Une des personnes avec qui j'étais ami dans la prison a été battue à mort. Cet homme venait de Côte d'Ivoire et n'avait pas les moyens de payer. Il a été tellement battu qu'il a perdu presque toutes ses dents. Son ventre était gonflé à cause des coups et il vomissait tout ce qu'il mangeait. J'essayais d'écraser des pommes de terre bouillies et de le nourrir, mais il ne faisait que vomir. Ses jambes étaient complètement cassées et il ne pouvait même pas aller aux toilettes. J'étais là quand il est mort.

Des rescapés dorment sur le pont du Geo Barents. 2022. 


 

 © Anna Pantelia/MSF
Des rescapés dorment sur le pont du Geo Barents. 2022.    © Anna Pantelia/MSF

Dans ces prisons, soit vous payez, soit vous mourrez. Ils vous torturent jusqu'à ce que vous les payiez. J'ai vu des gens se faire torturer et électrocuter. S'ils comprennent que jamais vous ne paierez, ils peuvent vous casser les bras et les jambes, et vous abandonner quelque part en ville. Si vous essayez de vous échapper de la prison, ils vous tirent dessus. J'ai vu plus de 10 personnes se faire tuer. 

Tout le monde est sans papiers là-bas, car si vous avez des papiers, ils les déchirent. Quand quelqu'un meurt, ils jettent simplement son corps dans le désert. Des femmes en prison nous disaient qu'elles se faisaient kidnapper et violer. Elles ont également été contraintes à la prostitution.

En Libye, j’étais un mort en sursis. Après être sorti de prison, je sentais que j’étais entouré d'ennemis.  Dans la rue, les gens me jetaient des pierres ou me crachaient au visage. Je ne pouvais rien faire contre cela. J'ai trouvé un travail dans le bâtiment, et je gagnais environ 40 dinars libyens [7,80 euros] par jour. Je louais une maison avec d'autres personnes, mais je devais aussi économiser de la nourriture et de l'argent pour atteindre l’Europe. C’était compliqué de mettre des sous de côté, c’est pour cela qu’il m'a fallu si longtemps pour traverser.

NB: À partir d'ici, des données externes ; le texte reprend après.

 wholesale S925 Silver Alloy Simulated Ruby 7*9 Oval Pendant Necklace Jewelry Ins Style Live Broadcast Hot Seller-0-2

Sauvetage de 113 personnes en détresse en Méditerranée centrale. 2022.


 

 © Anna Pantelia/MSF
Sauvetage de 113 personnes en détresse en Méditerranée centrale. 2022.   © Anna Pantelia/MSF

Lors de ma première tentative, nous avons été arrêtés par les garde-côtes libyens. Ils ont commencé à nous insulter en nous traitant d'ânes et ils nous ont demandé de nous diriger vers leur bateau. Nous devions suivre leurs ordres sinon ils nous tiraient dessus. Ils ont tiré sur d'autres bateaux par le passé. Ils nous ont remis en prison et ont pris tout notre argent, nos téléphones et toutes nos affaires. Ils ont recommencé à nous demander de l'argent, mais j'avais tout dépensé pour la traversée et je n'avais aucun moyen de communiquer avec ma famille pour leur demander de l’aide. De toute façon, j’étais certain qu'ils ne pourraient pas se permettre de m'envoyer la somme nécessaire, alors je n'avais que Dieu à ce moment-là. Il était le seul à pouvoir m'aider.

Lors de la deuxième tentative de traversée, nous avons passé plus de 11 heures en mer. Je n'avais pas peur de mourir. Je préférais mourir en mer plutôt que de retourner en Gambie les mains vides. Il m'a fallu sept ans pour atteindre l’Europe, je n'ai pas vu ma famille pendant tout ce temps alors je voulais continuer à me battre pour une vie meilleure. Je pense au jour où je serai en Europe depuis que j'ai 19 ans.

À l'époque, je ne pensais qu'à mon rêve, celui de poursuivre mes études.  Mais maintenant, mon objectif principal est de revoir mes parents avant qu'ils ne meurent. Ils m'ont dit qu'ils se fichaient que j'aie de l'argent ou non, qu'ils voulaient me revoir. Je veux qu'ils soient fiers de leur fils.